She is supported by officials from the Economics Ministry led by Robert Habeck (Greens). The Federal Ministry of Justice, however, insists on giving the courts leeway.

Since then, everyone involved has said that the point must be “politically united”. The statements of the judges were “a hard defeat for Minister Buschmann”, it was said in coalition circles.

The Federal Administrative Court also harshly criticizes another key point in Buschmann’s draft. In the future, there should be a hearing “at an early stage of the proceedings”. Here the judges should primarily explore the possibilities of an “amicable settlement of the legal dispute”.

Marco Buschmann

Criticism of the Minister of Justice’s proposed legislation comes from all sides.

(Photo: Reuters)

However, the Federal Administrative Court found: “These considerations describe an ideal-typical procedure, they ignore reality.” The scope for amicable solutions, especially in the larger procedures, is “extremely limited”. Because the public is usually already involved in the planning process in order to find mutually acceptable solutions with the project developer in the event of objections. “As a rule, there is therefore no longer any potential for comparison in court proceedings,” explains Korbmacher.

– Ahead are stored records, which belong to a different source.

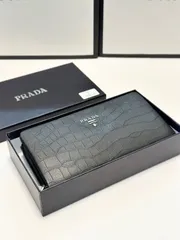 プラダ/財布、クレジットカードスロットに紙幣と手形を収納、両用のパスケース財布、一流の内蔵カードビット外に携帯電話ビットを付属する男性は必須[本日特価|新品未使用品]-MM輸入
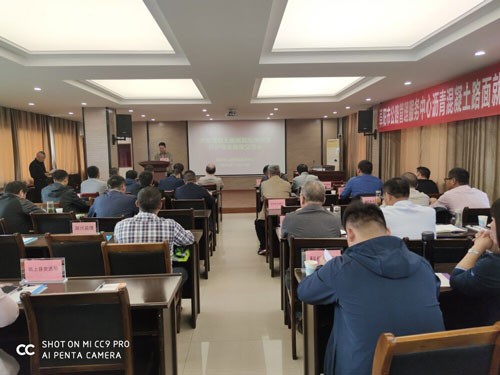 參會(huì )各單位代表聽(tīng)取《就地熱再生技術(shù)原理與工程應用》專(zhuān)題報告.jpg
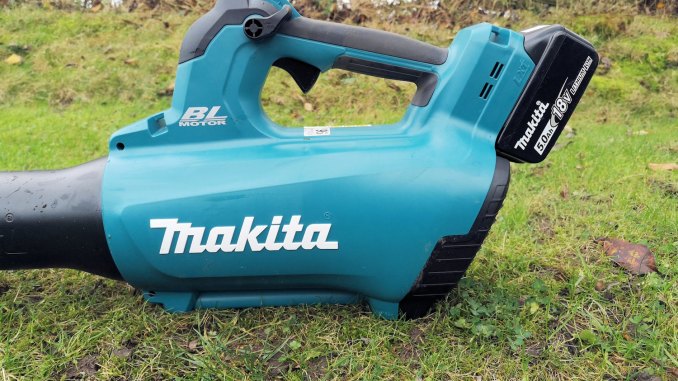 Makita DUB184Z Test Laubbläser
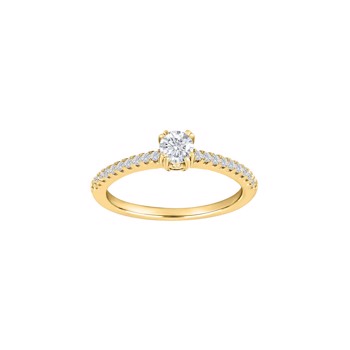 Forgyldt ring med stor zirkonia, klassisk design, 4 mm bredde, luksuriøs finish.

Other public statements on the law are critical. For example, the Association of German Administrative Judges (BDVR) calculates that the average duration of legal proceedings that are assigned to the Federal Administrative Court in the first instance and that concern important infrastructure projects last year was twelve months and 18 days.

Judges and lawyers see little scope for further acceleration

The BDVR writes: “In practice, there is widespread agreement that the possibilities for accelerating the administrative court proceedings have almost been exhausted, which is why the present draft bill is not expected to make a significant contribution to further accelerating the court proceedings.”

The main reason for the excessively long duration of planning procedures is clearly the lack of experts in the authorities and the lack of equipment.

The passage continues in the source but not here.